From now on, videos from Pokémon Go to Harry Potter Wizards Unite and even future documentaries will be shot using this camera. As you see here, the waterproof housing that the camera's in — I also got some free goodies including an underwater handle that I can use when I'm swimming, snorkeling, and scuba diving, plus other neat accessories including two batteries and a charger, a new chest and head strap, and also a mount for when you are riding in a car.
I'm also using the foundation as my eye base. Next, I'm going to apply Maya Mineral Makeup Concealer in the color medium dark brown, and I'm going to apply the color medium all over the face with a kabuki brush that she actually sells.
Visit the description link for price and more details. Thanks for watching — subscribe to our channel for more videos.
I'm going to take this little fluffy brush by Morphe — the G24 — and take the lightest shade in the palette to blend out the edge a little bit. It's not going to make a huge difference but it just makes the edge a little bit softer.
-*-
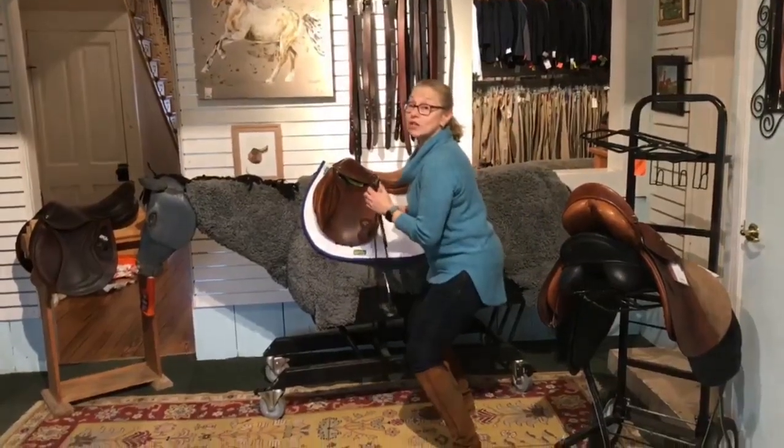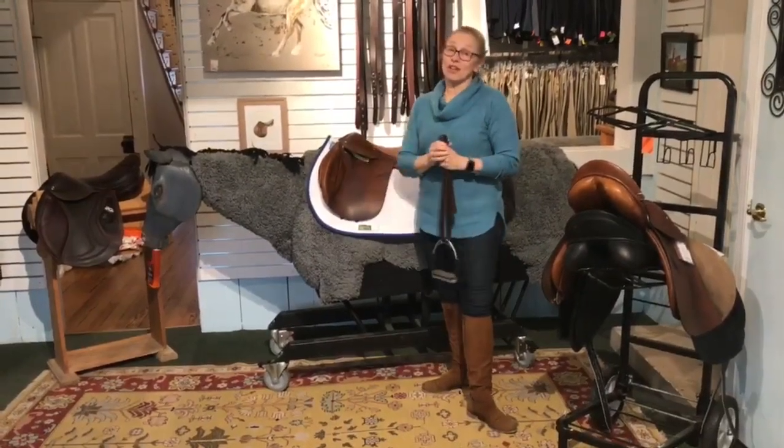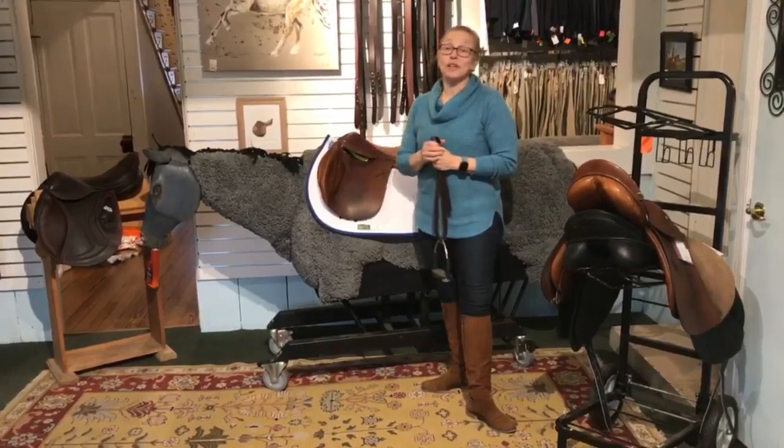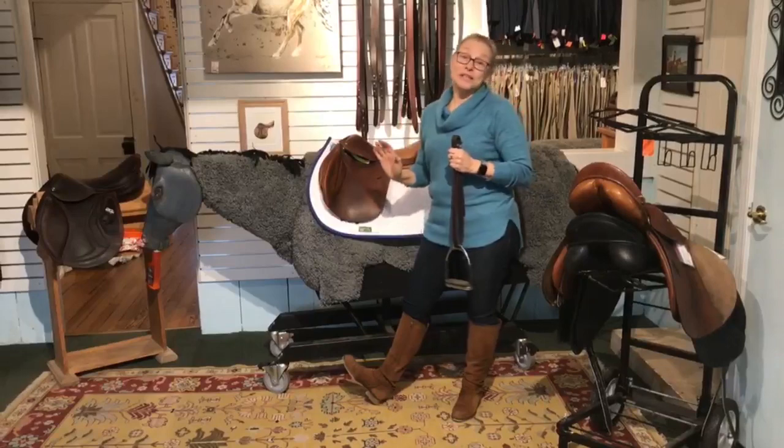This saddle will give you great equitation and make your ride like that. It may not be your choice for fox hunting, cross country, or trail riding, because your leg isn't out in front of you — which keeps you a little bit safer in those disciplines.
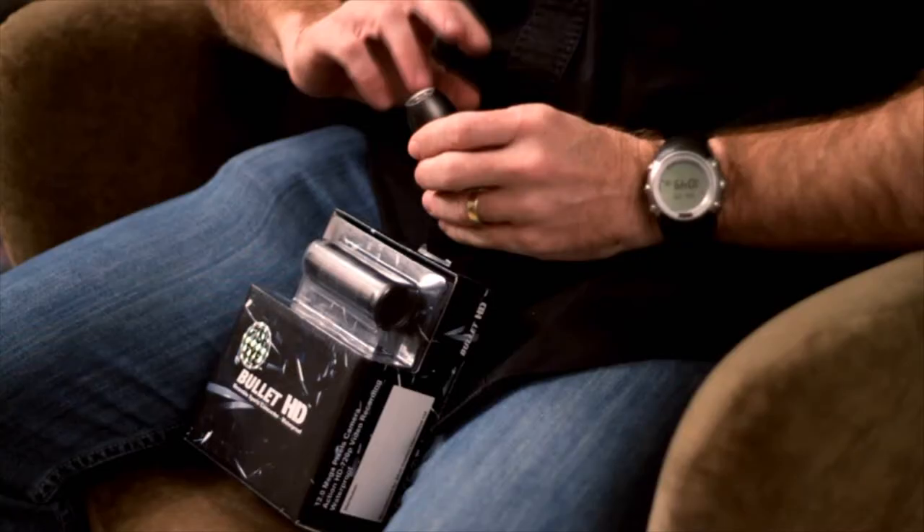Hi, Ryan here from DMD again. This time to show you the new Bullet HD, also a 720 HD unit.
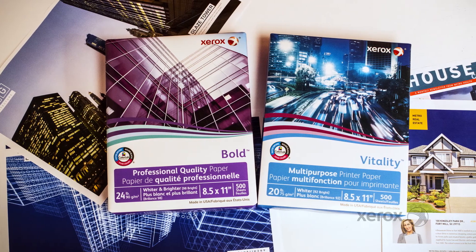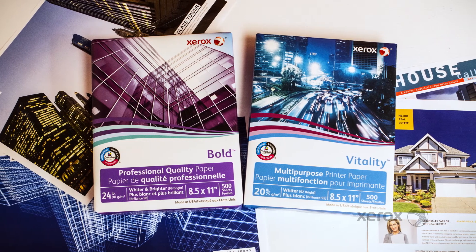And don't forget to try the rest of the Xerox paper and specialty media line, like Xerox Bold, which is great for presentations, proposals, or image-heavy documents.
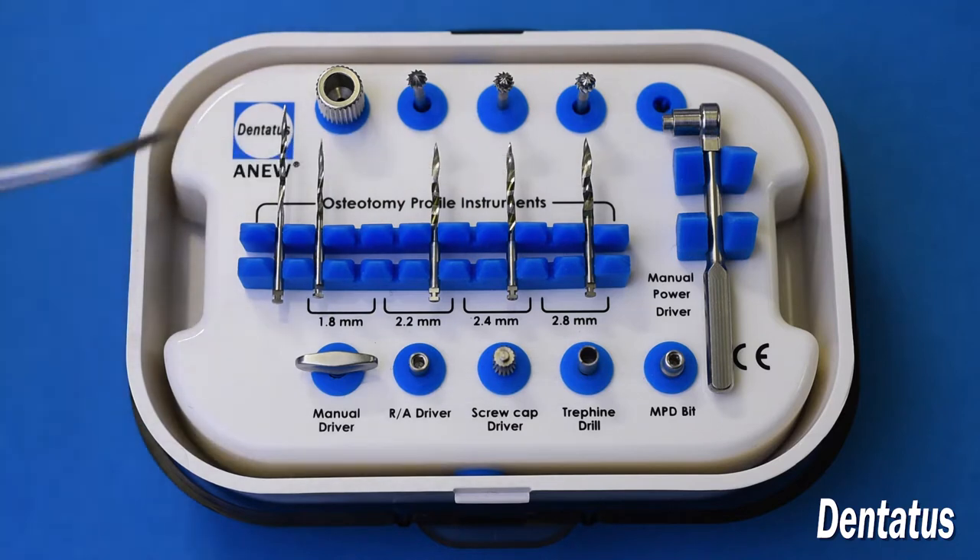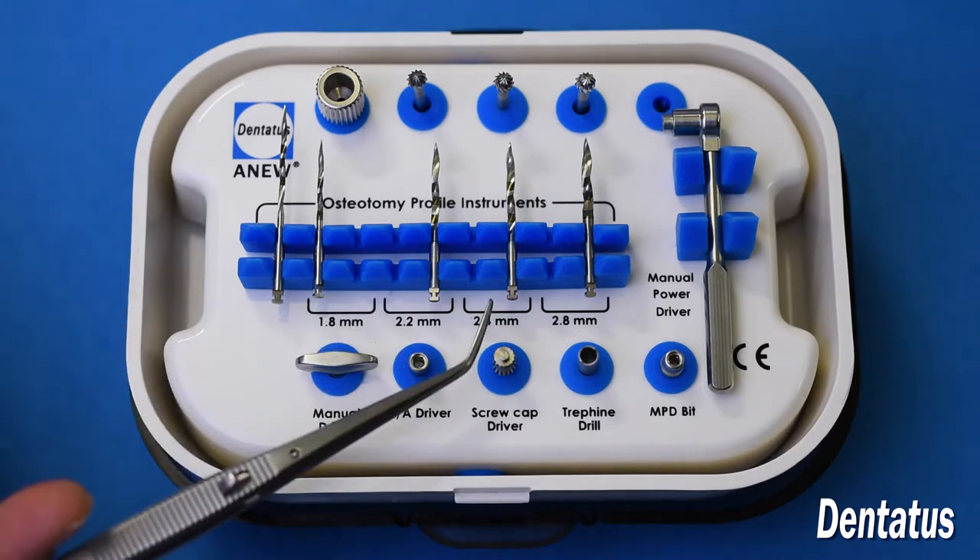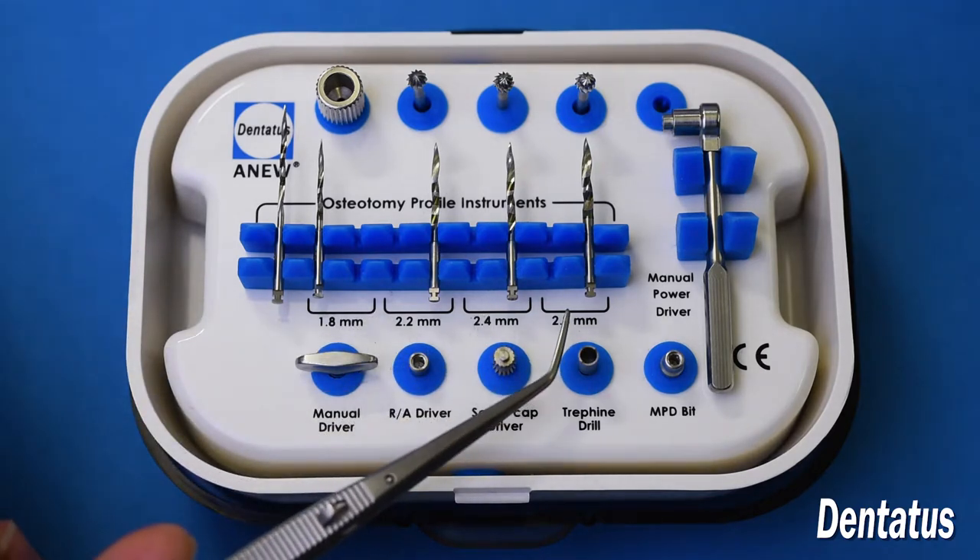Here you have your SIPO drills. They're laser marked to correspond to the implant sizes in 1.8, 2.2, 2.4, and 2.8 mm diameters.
-*-
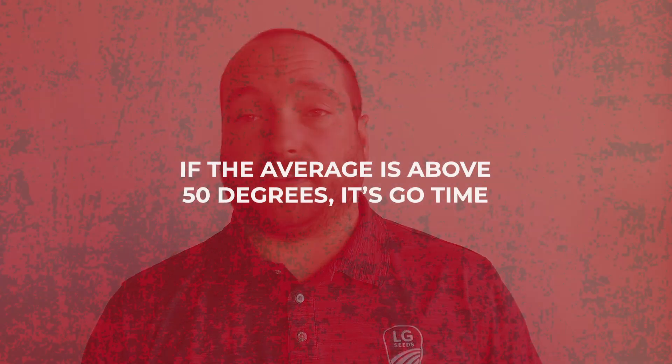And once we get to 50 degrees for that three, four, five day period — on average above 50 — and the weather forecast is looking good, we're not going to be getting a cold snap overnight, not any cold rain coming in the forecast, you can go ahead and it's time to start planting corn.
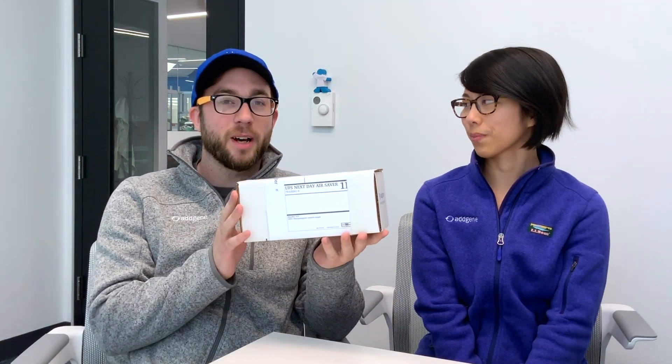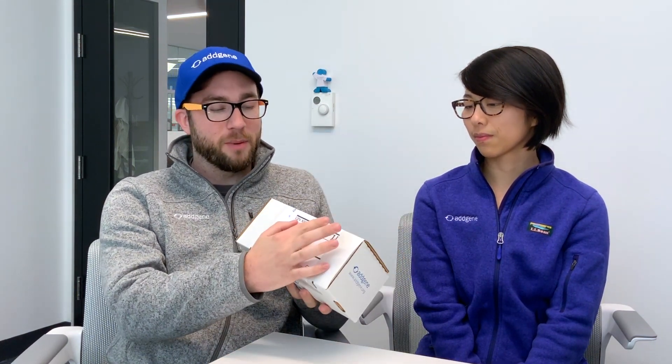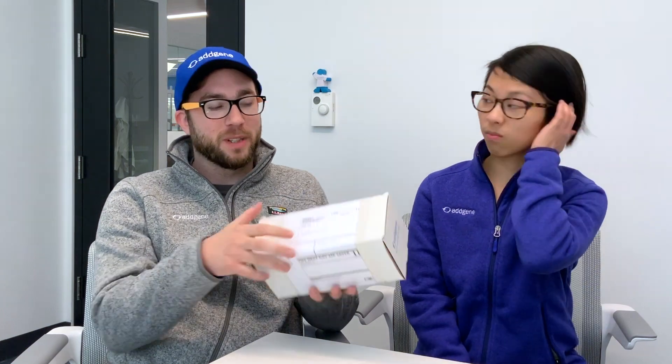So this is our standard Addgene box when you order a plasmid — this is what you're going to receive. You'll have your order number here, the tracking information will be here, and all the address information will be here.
-*-
-- Brief --
Write down exactly the span of lines above from the one containing "Visit the description" to the one containing "I'm going to take", both ends included.

-- The completed task --
Visit the description link for price and more details. Thanks for watching — subscribe to our channel for more videos.
I'm going to take this little fluffy brush by Morphe — the G24 — and take the lightest shade in the palette to blend out the edge a little bit. It's not going to make a huge difference but it just makes the edge a little bit softer.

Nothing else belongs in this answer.